Снова крепко зажав лупу Энн в пухлом кулаке, Смайли принялся опять рассматривать фотографию. Пол в колодце был застлан ковром – по-видимому, белым; диваны были расставлены подковой, повторяя линию занавесок на дальней стороне периметра. В глубине виднелась обитая дерматином дверь, и одежда обоих мужчин – пиджаки, брюки, галстуки – висела аккуратно, как в больнице, на вбитых в нее крючках. На столике стояла пепельница, и Смайли принялся разглядывать надпись на ней. После многочисленных манипуляций с лупой неудавшийся филолог разобрал что-то вроде очертания букв А-С-Н-Т, но было ли это слово, означающее по-немецки «восемь», или часть слова «внимание», или же четыре буквы какого-то более длинного слова, он не мог сказать. Да на этом этапе он и не стал мучиться, пытаясь найти разгадку, а предпочел заложить полученную информацию в глубины своего мозга, пока не появится еще какая-нибудь часть головоломки.

* * *

Позвонила Энн. Смайли, по-видимому, снова задремал, потому что память его не удержала звонка – просто он услышал ее голос, когда медленно поднес трубку к уху: «Джордж, Джордж», – свое имя, произнесенное так, словно она долгое время взывала к нему и он только сейчас собрался с силами или потрудился поднять трубку.

Разговор начался словно между чужими людьми – так же началась их любовь.

– Как поживаешь? – спросила она.

– Очень хорошо, спасибо. А ты? Могу быть чем-то тебе полезен?

– Я спросила не просто так, – настаивала Энн. – Как ты? Я хочу знать.

– А я сказал тебе, что хорошо.

– Я звонила утром. Почему ты не отвечал?

– Меня не было.

Долгое молчание, пока она, видимо, обдумывала его слабое извинение. До сих пор телефон никогда не волновал ее. Она не считала, что с ним связано что-то срочное.

– Уходил по работе? – пыталась выяснить она.

– Выполнял одно задание Лейкона.

– Он нынче рано раздает задания.

– Он теперь без жены: она ушла от него, – пояснил Смайли без всякой задней мысли.

Молчание.

– В свое время ты говорила, что она разумно поступила бы, если бы ушла, – заметил Смайли, прикрываясь назидательным тоном.
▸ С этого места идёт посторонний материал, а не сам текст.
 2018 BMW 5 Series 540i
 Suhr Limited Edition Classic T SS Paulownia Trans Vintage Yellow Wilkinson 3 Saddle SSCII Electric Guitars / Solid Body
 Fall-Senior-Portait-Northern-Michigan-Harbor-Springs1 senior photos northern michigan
– Глупая женщина, – в ответ обронила Энн, за чем последовало еще более долгое молчание, на сей раз со стороны Смайли, перед которым внезапно возникла громада выбора, который предлагала ему бывшая жена.

Снова воссоединиться, как она это иногда называла.
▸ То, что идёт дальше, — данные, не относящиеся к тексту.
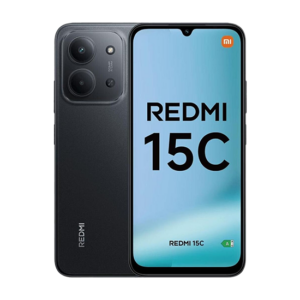 Pametni telefon Xiaomi Redmi 15C 4G 4GB/128GB - črn
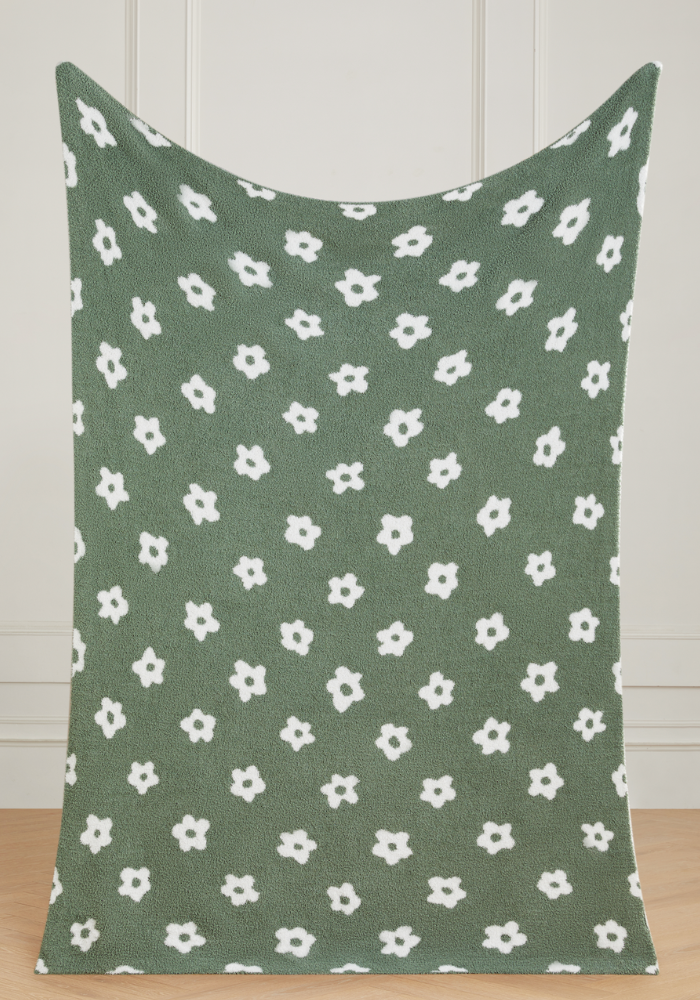 Daisy Buttery Blanket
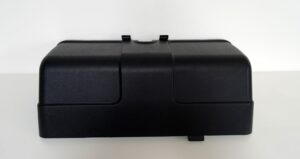 Accubakpaneel zwart Bec XS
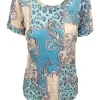 Crushed Lagoon Tee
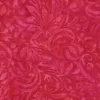 Colorburst Batik Square Floral in Imperial Red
Забыть все обиды, весь список любовников; забыть о Билле Хейдоне, этом предателе из Цирка, чья тень накладывалась на лицо Энн всякий раз, как Смайли пытался обнять ее, – забыть о человеке, воспоминание о котором причиняло ему постоянную боль. О Билле – его друге, Билле – цвете их поколения, шутнике, обаятельном человеке, образцовом конформисте; Билле – прирожденном обманщике, которого обман в конечном счете привел в постель к русским и в постель к Энн. Устроить новый спектакль с медовым месяцем, полететь на юг Франции, есть вкусные блюда, покупать обновки, делать все, что положено любовникам. И сколько все это продлится? Сколько пройдет времени до того, как ее улыбка угаснет, и взгляд потускнеет, и эти мифические отношения потребуют, чтобы она уехала в дальние края лечить свои мифические недомогания?

– Ты где сейчас? – растерянно спросил он.

– У Хильды.

– А я думал, ты в Корнуэлле.

Хильда была разведена. И жила она в Кенсингтоне, в двадцати минутах ходьбы от квартиры Смайли.
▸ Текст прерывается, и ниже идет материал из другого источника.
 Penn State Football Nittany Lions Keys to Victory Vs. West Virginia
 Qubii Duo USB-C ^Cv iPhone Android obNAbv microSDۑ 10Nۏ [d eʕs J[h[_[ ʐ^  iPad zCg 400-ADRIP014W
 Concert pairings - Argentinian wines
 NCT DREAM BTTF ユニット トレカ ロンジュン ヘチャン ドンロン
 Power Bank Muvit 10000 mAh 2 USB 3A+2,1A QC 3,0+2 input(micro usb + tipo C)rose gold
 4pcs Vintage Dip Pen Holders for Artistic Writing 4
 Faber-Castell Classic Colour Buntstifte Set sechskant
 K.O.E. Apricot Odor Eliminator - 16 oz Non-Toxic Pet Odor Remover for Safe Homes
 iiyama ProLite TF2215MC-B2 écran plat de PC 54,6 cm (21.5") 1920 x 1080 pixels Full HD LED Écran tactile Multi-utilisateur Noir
– А где Хильда? – осведомился он, переварив эти сведения.

– Уехала.

– На всю ночь?

– Зная Хильду, думаю, что да. Если только она не притащит кого-то с собой.

– Ну, тогда, я полагаю, тебе тоже следует развлечься без нее, как ты умеешь, – посоветовал он и, еще говоря, услышал ее шепот:

– Джордж.

Сильный, неистовый страх сковал душу Смайли. Он посмотрел на снимок, все еще лежавший на подставке для книги рядом с лупой, и внезапно в памяти всплыло все, что намеком и легким шепотом возникало в его мозгу в течение дня; он услышал барабаны своего прошлого, призывавшие его сделать последнее усилие, выявить и взрезать нарыв, близость которого он чувствовал всю жизнь, и он не хотел, чтобы Энн была рядом. «Передайте Максу, что речь идет о Песочнике». Обретя ясность мысли, рожденную голодом, усталостью и смятением, Смайли твердо осознал: Энн не должна быть причастна к тому, что ему предстоит. Он знал, хотя был всего лишь в преддверии, и тем не менее знал, что, как ни странно, ему, возможно, выпал шанс в его немалые лета вновь принять участие в сражениях, которые он вел всю жизнь, и наконец сыграть в свою пользу. Если это так, то никакой Энн, никакого фальшивого мира, никакой пристрастной свидетельницы его действий – ничто не должно мешать его одинокому преследованию зверя. До этой минуты он и сам не ведал о своем сокровенном. Теперь все встало на свои места.

– Не надо, – возразил он. – Энн? Слушай. Не надо приезжать сюда. Не потому, что я выбрал одиночество. Это диктуют практические соображения. Ни в коем случае. – Собственные слова странно звучали для его уха.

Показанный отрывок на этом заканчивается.